An interesting contrast. That might be the phrase I’d use to describe the two police situations in the Upper and Lower Valley right now.
At the same time as Snoqualmie is gearing up and hiring up to become the contract police agency for the city of North Bend, Carnation and Duvall are parting ways after nine years. There’s a huge question mark right now over who will cover Carnation residents, and how the city will pay for it all after next year. Duvall scooted after questioning the stability of a Carnation-contracted force, so who’s next? What will they bring to the table?
There’s lessons here for Snoqualmie and North Bend. Residents need stable law enforcement, preferably with officers in for the long haul to learn the nitty-gritty of a community. Both cities will need to pay attention to costs and expectations over time to make sure that a similar situation doesn’t unfold here 10 years down the road.

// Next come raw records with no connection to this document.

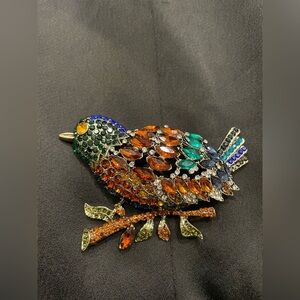Colorful Gemstone Bird Brooch
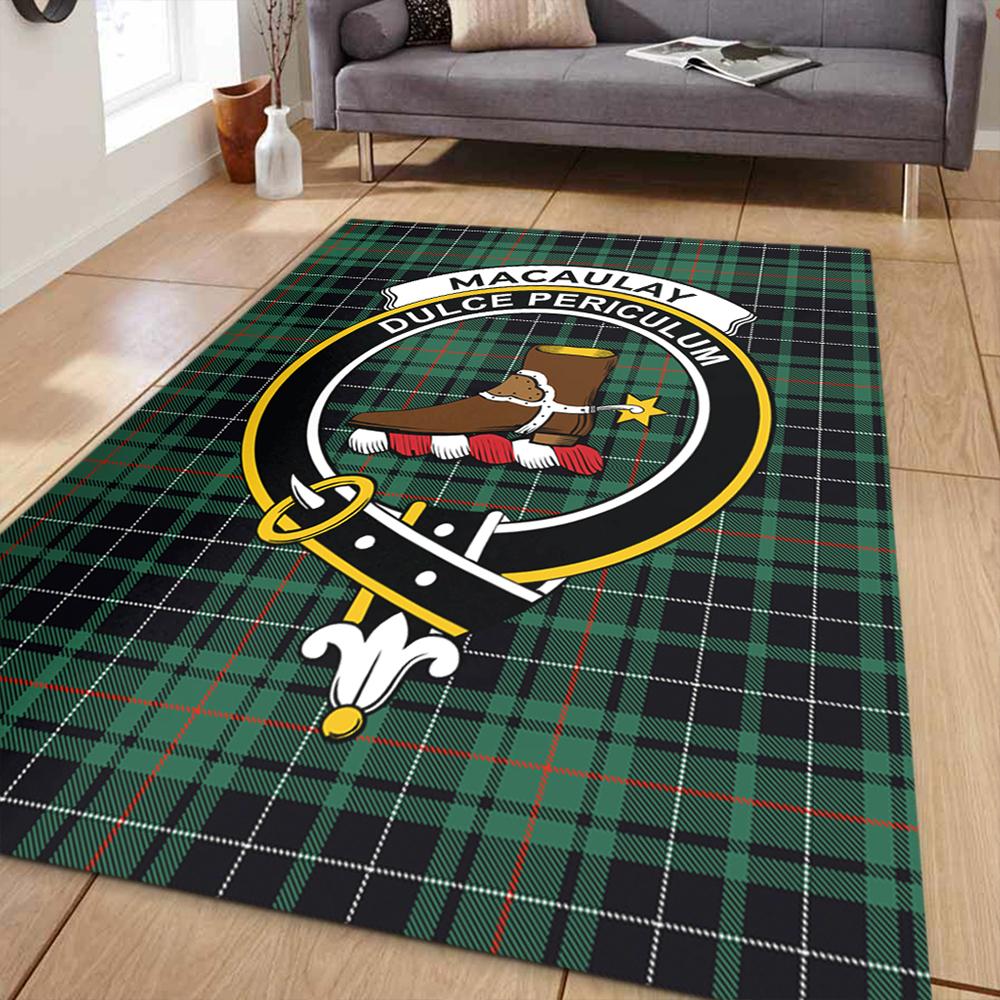 MacAulay Hunting Ancient Tartan Crest Area Rug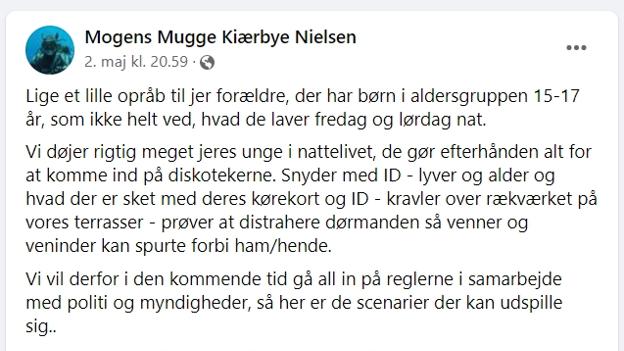 Mogens Kiærbye Nielsen slog sine bekymringer op på Facebook. <i>Screendump fra Facebook</i>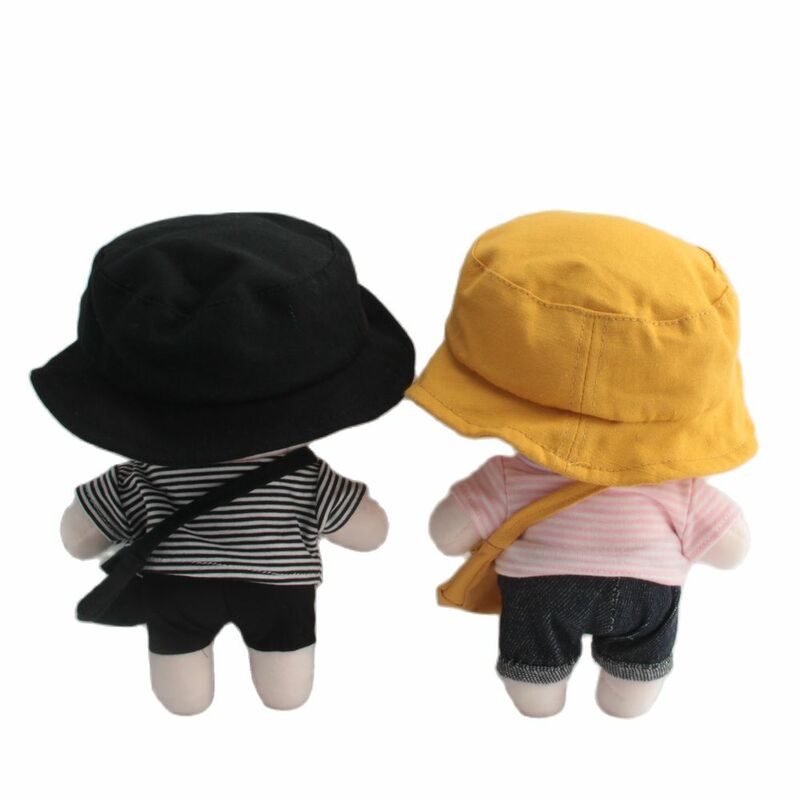 20cm estrela bonecas roupas skz brinquedos de pelúcia acessórios crianças vadias listrado camiseta + jeans + chapéu + saco sapatos fãs presente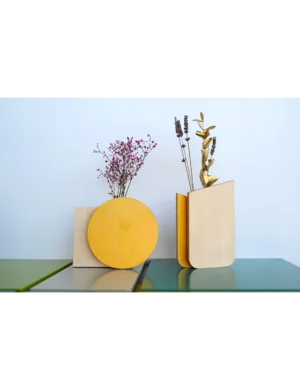 PR SR 72, Gold Geometric Wooden Bud Vase – Nordic Decor for Dried Flowers, Host Gift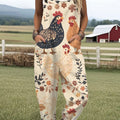 Women's  Vintage Chick Art Print Casual 100% Cotton Wide Leg Jumpsuit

I’m less concerned about disconnect. Snoqualmie Police Chief Steve McCulley lives in North Bend and has a pretty good idea about what police need to do there to deal with resident and merchant concerns over drugs and transients.
It’s the long-term changes that happen to communities that I wonder over, though. Snoqualmie and North Bend, traditionally rivals, are in the slow process of growing together, with shared schools, museums, open space and soon, a police department.
I’ve been going through the archives a lot lately for our upcoming centennial Then & Now edition, and I can’t help but notice how things have changed in the Lower Valley. Carnation went from having a town marshal to a police department that was sometimes troubled with investigations into officer wrongdoing. Then it went with the county, then Duvall, and now, probably, the sheriff again. But you can’t go home again, by which I mean that the startup costs of bringing back even a tiny, independent Carnation police force are probably prohibitive. Maybe the town should just hire a marshal.